News that thousands of pink plastic bottles, apparently full of stain remover, have washed up on Cornish beaches is disconcerting (http://www.bbc.co.uk/news/uk-england-cornwall-35241869). Not only are the pink plastic containers very slow to degrade but the contents of the bottles could have a devastating effect on marine life. And we used to think that only mass oil release was a serious problem!
Tuesday, 5 January 2016
Sunday, 3 January 2016
I am not certain what to make of the move to use celebrity endorsement to encourage 50,000 people to sign up for a month free of meat, fish and dairy products (http://www.theguardian.com/lifeandstyle/2016/jan/03/veganuary-stars-sign-up-animal-free-month).
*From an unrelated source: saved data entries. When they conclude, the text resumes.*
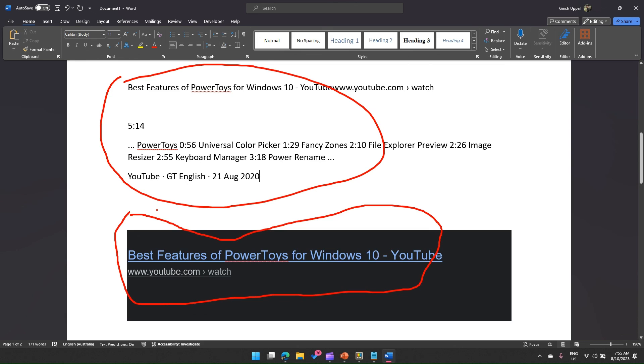So that's it folks, this is all about pasting as a plain text without formatting. This is one of the important tools within PowerToys application. Thanks for watching.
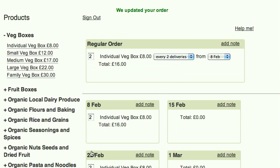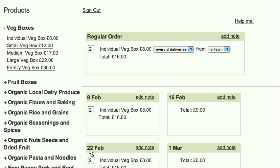If you want an extra on a certain week, drag the product into the specific order.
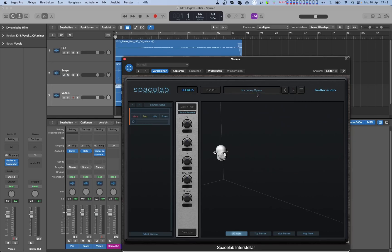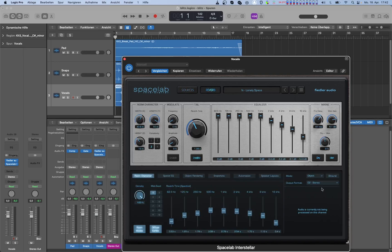We want to make 3D audio over headphones, so in SPACELAB go to the reverb view, switch on binaural, and select the ideal speaker layout for that, which is 32 channels full sphere.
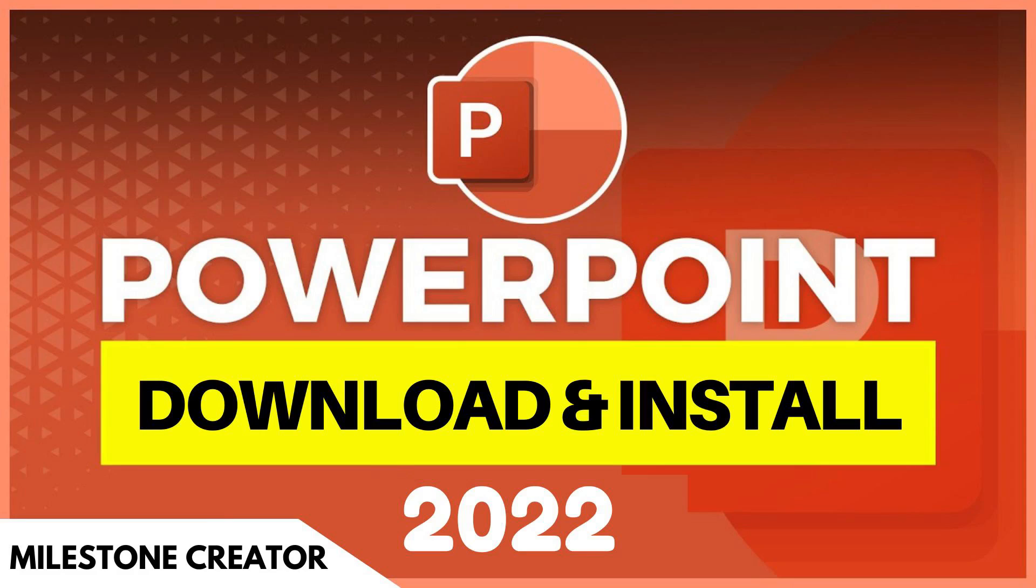Hey everyone, welcome back. So today in this video we are going to learn about how we can download and install the latest version of Microsoft PowerPoint in our PC with the help of a few simple steps. So let's see how we can do this.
It is certainly the case that we (in the UK) tend to eat too much animal-generated protein (as well as tending to gain too much weight) and could benefit health-wise by increasing the proportion of fruit and vegetables that we consume. It is also true that some of the techniques used to produce animal protein can involve questionable animal welfare (as well as generating lots of methane). Having said this, I don't really favour using celebrities to get people to change their habits (some celebrity life-style habits are much less acceptable than that proposed here). Humans (in their dentition and digestive systems) are, however, clearly omnivores (and many of their pets, carnivores) so complete veganism seems to have potential pit-falls. Also choosing what we get to eat is not a luxury that all people have. Is the message likely to be 'I'm much kinder to animals than thou'? What happens after the month?